The ICR project created the impetus for several industrial concerns to establish in Sackville, one of these being the Dominion Foundry Company, which was established in 1872 near the railway station to manufacture stoves. The firm changed ownership in 1888, becoming the Enterprise Foundry Company.

On 8 April 1874 the New Brunswick & Prince Edward Island Railway Company began construction of a line from Sackville to Cape Tormentine. Construction halted after several months and the project lay dormant until 1878 when new project backers restarted construction. The line opened in 1887, joining with the ICR mainline east of the station. On 15 October 1917 the federal government opened a train ferry service from Cape Tormentine to Port Borden, giving importance to the Sackville railway junction.

In 1905 the ICR undertook to build a replacement station building, opening the new 1 1/2-storey station in 1907. It was constructed of locally quarried plum and olive coloured sandstone and was located adjacent to the original ICR wood station structure overlooking the Tantramar Marshes and Sackville Harbour.

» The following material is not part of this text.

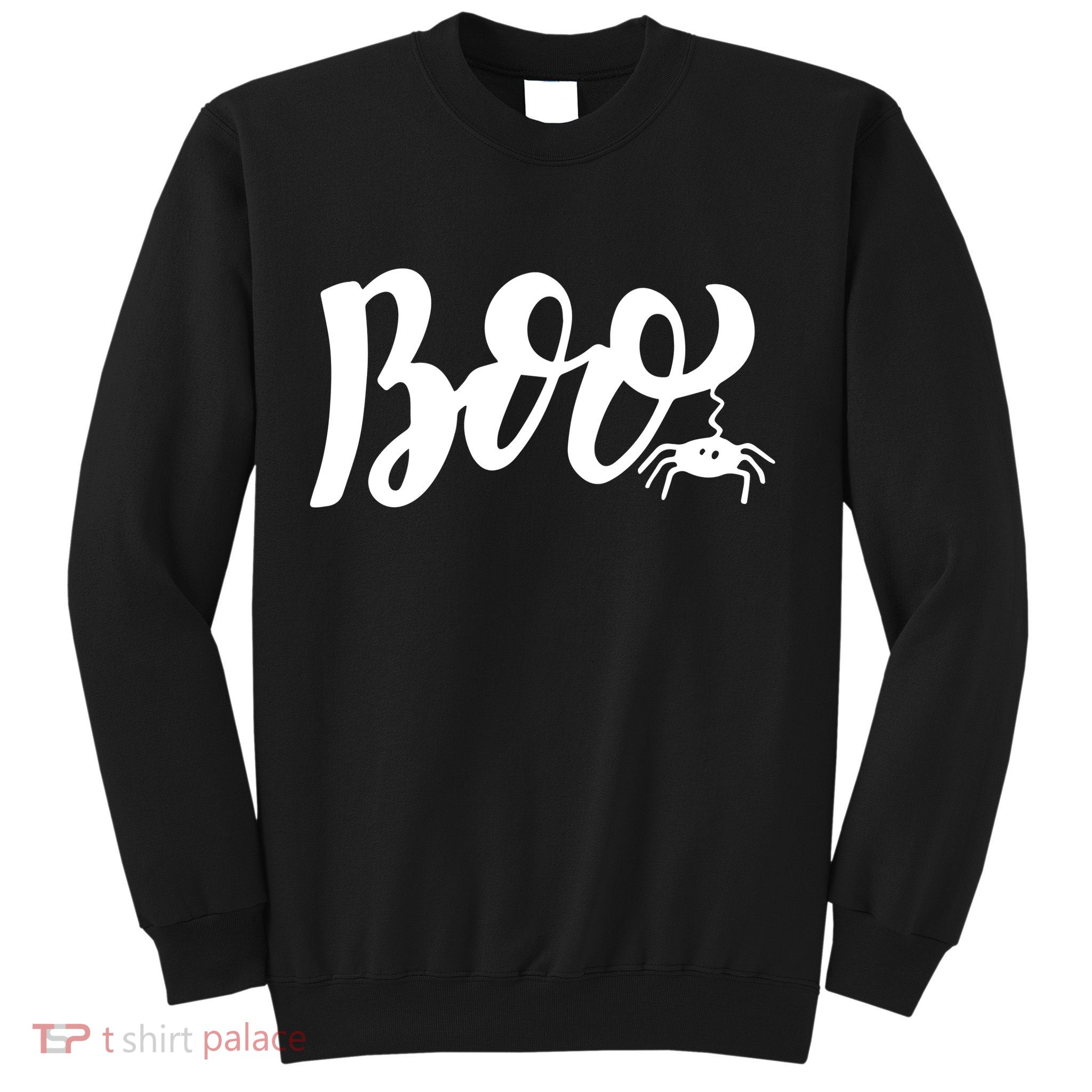 Boo Cut Spider Halloween Sweatshirt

The new station building is a long, low rectangular block with a bell-cast hip roof and projecting bay windows on both the track and Lorne Street sides of the structure. The overhanging eaves expose wood brackets and tongue-and-groove boarding. A gabled dormer and round-arched window with stone voussoir projects above each bay window.

On the night of 29 July 1908 a fire broke out on the Enterprise Foundry property, destroying the foundry plant as well as the Intercolonial Railway Hotel and the original Intercolonial Railway Station. The new station received minor damage but was not destroyed.

In 1918 the ICR was merged into the new federal Crown corporation Canadian National Railways (CNR). CN transferred responsibility for its passenger rail services to the new federal Crown corporation Via Rail in 1978.